El inicio del segundo mandato de Bukele ha estado marcado por alertas sobre una «escalada autoritaria», incluidas detenciones de activistas de derechos humanos y el encarcelamiento de cientos de venezolanos expulsados desde Estados Unidos, quienes actualmente no enfrentan procesos penales en territorio salvadoreño. Estas acciones han generado preocupación entre organismos internacionales y sectores de la sociedad civil, quienes ven en ellas una amenaza para las libertades democráticas y el Estado de derecho.

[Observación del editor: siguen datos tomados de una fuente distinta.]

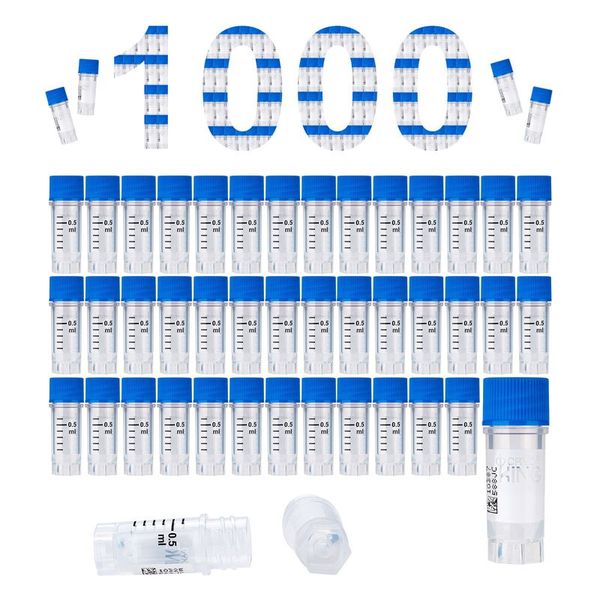cryoking 1.0ml clear polypropylene sterile cryovials with external thread and blue caps assembled.  cryovials have writing patch and marked graduations. 25 cryovials/bag, 20 bags/pack, 2 packs/case, w|88-6053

Además, su reelección consecutiva ha sido señalada como inconstitucional por expertos legales y opositores, ya que la Constitución salvadoreña prohibía explícitamente esta práctica hasta una reforma impulsada por Bukele mismo.

Repercusiones internacionales

Las posturas de Bukele continúan polarizando opiniones tanto dentro como fuera de El Salvador. Mientras algunos apoyan su enfoque duro contra la delincuencia y el crimen organizado, otros denuncian restricciones a la libertad de expresión y la judicialización de la disidencia política. Organismos como la ONU y Amnistía Internacional han criticado medidas adoptadas por su gobierno, advirtiendo sobre posibles violaciones a los derechos humanos.

Un liderazgo contestado

Este primer año del segundo mandato de Bukele refleja un estilo de gobierno centrado en consolidar poder y minimizar críticas externas. Su popularidad sigue siendo alta debido a la percepción de mayor seguridad pública, aunque esto se伴a con un aumento de tensiones con la comunidad internacional y sectores locales que exigen respeto a las instituciones democráticas.

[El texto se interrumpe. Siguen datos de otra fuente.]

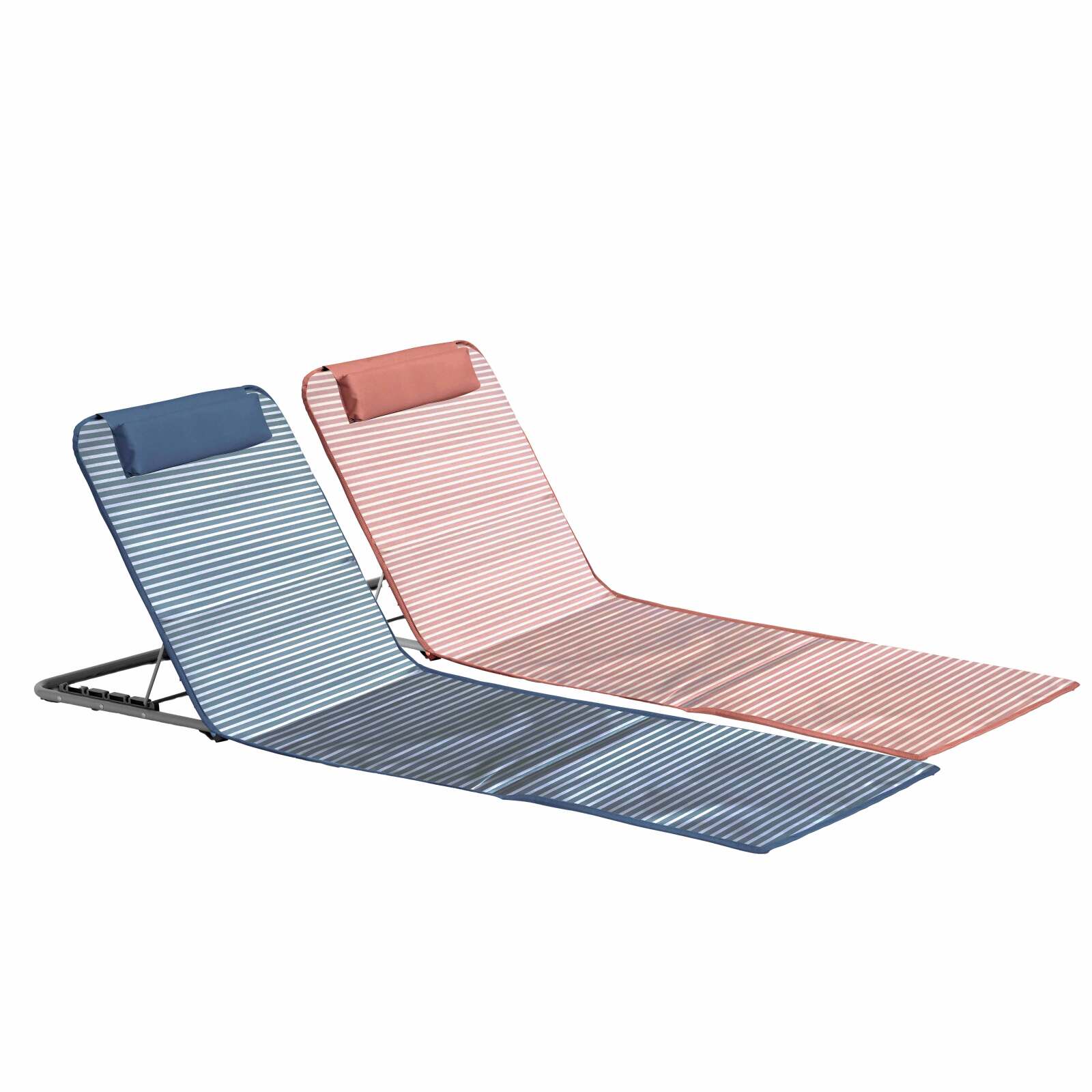 Lot de 2 matelas de plage pliants rayés bleu et rouge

Con su discurso de este domingo, Bukele dejó claro que no tiene intención de cambiar su rumbo ni ceder ante presiones externas. Para él, los resultados obtenidos —como la disminución de homicidios y el fortalecimiento económico— justifican sus métodos, incluso si eso significa enfrentarse a acusaciones de autoritarismo.

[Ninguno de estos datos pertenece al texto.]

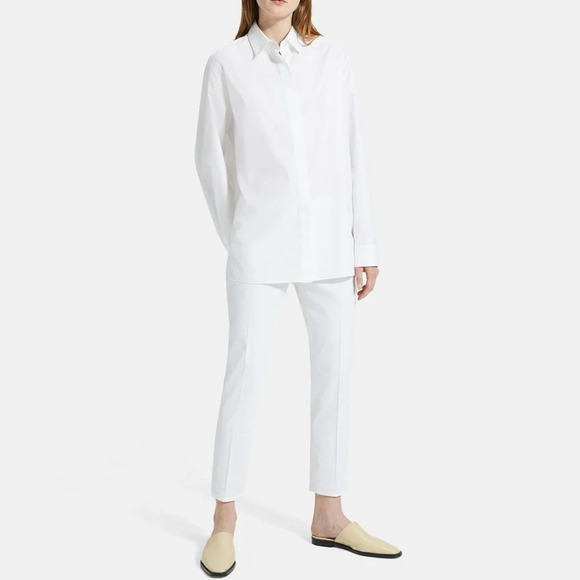 Theory Basic Linen Pull-on pants Eco Crunch Wash in white size 2 - Picture 2 of 12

Este mensaje reafirma su posición como uno de los líderes más polémicos de América Latina, quien sigue desafiando convenciones políticas y legales bajo el argumento de proteger a su pueblo frente a retos urgentes. Sin embargo, su camino seguirá siendo vigilado de cerca por aquellos que temen un posible desbalance en las instituciones democráticas del país.